Tuesday, 10 January 2012 12:37 PM

The analysis behind High Speed 2 (HS2) is fundamentally flawed warns Europe’s biggest engineering body, the Institution of Engineering and Technology (IET) has said.

In the IET’s response to the HS2 proposals they identified a number of factual omissions which call into question the economic, business and environmental case for the project.

Jeremy Acklam of the IET said: “I’m very surprised by the government’s announcement, not least because it shows that they have put the cart before the horse. If we just look at the economic case, the comparators used in the analysis are inconsistent and do not represent the best realistic alternatives against which HS2 should have been judged. That alone is cause for concern, but then there are engineering, environmental, and business concerns to also take into account. We had hoped that the Secretary of State’s announcement would have addressed these vital areas of concern, which we flagged up some time ago.”
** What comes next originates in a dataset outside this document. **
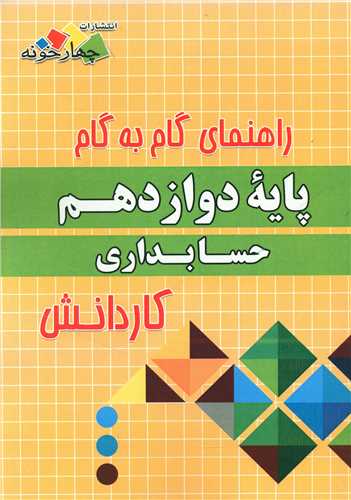 حسابداری دوازدهم گام به گام کاردانش فارابی (چهارخونه)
Peter Sheppard, Chairman of the IET Transport Policy Panel added: “The High Speed Rail proposals are riddled with factual omissions, which leaves us now wondering how and when a whole raft of urgent concerns are going to be addressed. Surely these concerns should have been addressed prior to a final decision being announced.”

The concerns cited by the IET fall into four categories:


Environmental

· HS2 may not reduce carbon emissions, something subsequently recommended by the House of Commons Transport Select Committee, which suggested HS2 ‘should not be promoted as a carbon reduction scheme’.

Engineering

· Lack of justification for an infrastructure design speed of 400km/h given the significant cost and energy consumption.

Economic

· There is insubstantial evidence presented to suggest that time spent on trains is wasted or that HS2 will reduce the North-South economic divide. This undermines the economic case considerably.

Business

· Why HS2 was considered in isolation to other factors when the economic impact of a high-speed line has a direct link to the economic viability of other routes. For example, no post-HS2 route plans have been presented for the West Coast Main Line.

· In addition, the uncertainty about passenger forecasts over such a long period should be factored in; this does not appear to have happened with the current HS2 plans.